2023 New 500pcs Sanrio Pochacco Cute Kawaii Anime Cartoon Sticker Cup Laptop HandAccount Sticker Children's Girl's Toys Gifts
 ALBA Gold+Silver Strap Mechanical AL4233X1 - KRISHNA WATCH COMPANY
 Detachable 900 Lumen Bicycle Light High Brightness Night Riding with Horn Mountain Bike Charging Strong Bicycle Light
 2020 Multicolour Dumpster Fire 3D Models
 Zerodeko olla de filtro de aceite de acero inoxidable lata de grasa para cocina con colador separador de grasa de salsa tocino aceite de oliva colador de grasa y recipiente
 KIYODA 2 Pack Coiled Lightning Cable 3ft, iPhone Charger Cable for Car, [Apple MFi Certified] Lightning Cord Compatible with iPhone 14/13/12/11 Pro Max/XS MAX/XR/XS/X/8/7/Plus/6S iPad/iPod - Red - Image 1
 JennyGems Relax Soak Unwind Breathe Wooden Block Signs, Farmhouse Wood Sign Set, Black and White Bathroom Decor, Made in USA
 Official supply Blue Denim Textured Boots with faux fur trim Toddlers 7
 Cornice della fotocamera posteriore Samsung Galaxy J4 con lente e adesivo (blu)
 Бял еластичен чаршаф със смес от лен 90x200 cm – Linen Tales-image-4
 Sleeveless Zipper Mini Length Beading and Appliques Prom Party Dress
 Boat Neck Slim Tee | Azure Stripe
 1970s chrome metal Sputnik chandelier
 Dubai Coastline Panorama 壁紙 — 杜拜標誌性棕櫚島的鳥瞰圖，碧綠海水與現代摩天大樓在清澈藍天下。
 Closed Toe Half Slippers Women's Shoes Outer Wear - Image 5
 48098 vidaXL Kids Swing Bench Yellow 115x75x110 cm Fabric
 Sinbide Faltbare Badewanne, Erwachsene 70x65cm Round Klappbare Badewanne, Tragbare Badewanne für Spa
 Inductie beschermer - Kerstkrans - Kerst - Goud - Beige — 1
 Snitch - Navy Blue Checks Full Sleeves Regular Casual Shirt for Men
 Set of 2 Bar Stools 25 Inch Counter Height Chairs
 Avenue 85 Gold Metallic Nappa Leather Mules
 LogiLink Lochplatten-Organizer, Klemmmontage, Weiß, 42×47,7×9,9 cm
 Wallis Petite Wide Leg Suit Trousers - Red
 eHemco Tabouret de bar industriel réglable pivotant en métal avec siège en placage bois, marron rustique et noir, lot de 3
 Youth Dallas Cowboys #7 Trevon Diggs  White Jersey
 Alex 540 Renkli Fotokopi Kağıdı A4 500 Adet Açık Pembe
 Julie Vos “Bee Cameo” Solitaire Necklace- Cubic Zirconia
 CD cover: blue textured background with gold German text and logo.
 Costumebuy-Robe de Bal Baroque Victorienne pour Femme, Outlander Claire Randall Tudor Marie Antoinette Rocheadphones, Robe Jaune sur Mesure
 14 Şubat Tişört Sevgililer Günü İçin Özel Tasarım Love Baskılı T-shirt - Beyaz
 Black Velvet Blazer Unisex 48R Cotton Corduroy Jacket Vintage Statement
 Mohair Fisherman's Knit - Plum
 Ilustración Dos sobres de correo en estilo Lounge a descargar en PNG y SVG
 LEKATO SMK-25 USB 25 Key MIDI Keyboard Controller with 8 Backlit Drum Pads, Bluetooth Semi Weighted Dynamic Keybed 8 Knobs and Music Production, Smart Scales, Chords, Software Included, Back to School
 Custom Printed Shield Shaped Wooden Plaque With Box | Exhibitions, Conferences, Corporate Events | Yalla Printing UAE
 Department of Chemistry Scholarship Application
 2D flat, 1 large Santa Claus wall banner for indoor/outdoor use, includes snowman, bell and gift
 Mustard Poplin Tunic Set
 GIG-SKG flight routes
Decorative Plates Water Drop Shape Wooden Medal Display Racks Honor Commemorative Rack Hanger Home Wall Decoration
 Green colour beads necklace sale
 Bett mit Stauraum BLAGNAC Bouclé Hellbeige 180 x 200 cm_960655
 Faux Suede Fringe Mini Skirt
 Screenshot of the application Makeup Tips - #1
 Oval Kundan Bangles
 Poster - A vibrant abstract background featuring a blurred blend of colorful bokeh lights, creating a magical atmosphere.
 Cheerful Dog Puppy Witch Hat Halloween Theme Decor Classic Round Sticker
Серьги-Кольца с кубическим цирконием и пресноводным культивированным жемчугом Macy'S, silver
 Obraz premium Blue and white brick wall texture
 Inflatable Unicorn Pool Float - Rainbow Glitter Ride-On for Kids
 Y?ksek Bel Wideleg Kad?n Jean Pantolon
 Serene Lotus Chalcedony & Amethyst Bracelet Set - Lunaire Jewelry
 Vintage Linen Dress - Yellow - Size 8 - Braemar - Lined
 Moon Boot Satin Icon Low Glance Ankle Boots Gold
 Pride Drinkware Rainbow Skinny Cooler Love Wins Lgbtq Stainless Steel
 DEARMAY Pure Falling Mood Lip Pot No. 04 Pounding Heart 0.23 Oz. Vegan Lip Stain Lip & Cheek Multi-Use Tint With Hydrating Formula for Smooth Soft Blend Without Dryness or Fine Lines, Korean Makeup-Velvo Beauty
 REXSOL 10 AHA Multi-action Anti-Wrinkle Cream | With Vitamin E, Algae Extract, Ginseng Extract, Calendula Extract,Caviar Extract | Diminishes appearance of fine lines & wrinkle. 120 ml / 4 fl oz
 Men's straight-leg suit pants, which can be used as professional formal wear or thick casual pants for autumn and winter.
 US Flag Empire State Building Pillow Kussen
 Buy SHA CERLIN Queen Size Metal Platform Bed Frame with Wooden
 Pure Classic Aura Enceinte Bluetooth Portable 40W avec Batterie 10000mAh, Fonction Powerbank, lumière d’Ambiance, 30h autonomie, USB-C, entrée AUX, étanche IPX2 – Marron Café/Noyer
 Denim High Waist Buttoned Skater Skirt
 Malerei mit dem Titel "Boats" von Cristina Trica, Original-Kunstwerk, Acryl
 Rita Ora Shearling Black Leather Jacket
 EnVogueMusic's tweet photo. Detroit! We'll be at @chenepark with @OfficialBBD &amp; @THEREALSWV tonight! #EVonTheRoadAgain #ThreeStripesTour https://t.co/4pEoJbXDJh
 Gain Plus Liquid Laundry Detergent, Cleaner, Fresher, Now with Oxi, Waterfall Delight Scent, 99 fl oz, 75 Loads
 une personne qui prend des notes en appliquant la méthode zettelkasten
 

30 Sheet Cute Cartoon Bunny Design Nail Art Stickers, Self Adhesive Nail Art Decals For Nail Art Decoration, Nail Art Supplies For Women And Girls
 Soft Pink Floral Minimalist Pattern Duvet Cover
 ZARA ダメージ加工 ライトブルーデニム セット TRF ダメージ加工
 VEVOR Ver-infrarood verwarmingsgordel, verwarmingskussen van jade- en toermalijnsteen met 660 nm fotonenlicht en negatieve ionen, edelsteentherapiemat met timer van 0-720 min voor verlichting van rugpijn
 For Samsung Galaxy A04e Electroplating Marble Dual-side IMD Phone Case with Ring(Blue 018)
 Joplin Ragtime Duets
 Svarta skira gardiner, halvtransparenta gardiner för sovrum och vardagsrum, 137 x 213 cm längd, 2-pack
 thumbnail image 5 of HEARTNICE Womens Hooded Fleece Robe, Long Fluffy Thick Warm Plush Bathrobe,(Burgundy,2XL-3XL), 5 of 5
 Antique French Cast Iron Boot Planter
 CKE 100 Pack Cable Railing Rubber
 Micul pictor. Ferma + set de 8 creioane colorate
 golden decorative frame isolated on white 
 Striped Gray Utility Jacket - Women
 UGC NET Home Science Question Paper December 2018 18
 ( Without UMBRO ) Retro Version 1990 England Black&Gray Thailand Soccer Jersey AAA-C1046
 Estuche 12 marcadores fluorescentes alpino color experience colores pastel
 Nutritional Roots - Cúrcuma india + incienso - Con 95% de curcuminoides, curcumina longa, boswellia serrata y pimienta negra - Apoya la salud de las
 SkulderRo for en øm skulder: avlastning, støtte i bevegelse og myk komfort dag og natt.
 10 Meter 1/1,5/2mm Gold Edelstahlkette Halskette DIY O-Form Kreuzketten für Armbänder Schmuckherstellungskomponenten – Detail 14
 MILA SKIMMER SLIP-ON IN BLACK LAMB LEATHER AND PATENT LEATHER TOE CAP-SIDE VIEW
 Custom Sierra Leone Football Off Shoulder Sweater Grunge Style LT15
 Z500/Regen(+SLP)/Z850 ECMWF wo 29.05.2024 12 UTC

• [Task description]:
Go through the records above and copy each line where "Vintage" is found.

• [Solution to the exercise]:
 Black Velvet Blazer Unisex 48R Cotton Corduroy Jacket Vintage Statement
 Vintage Linen Dress - Yellow - Size 8 - Braemar - Lined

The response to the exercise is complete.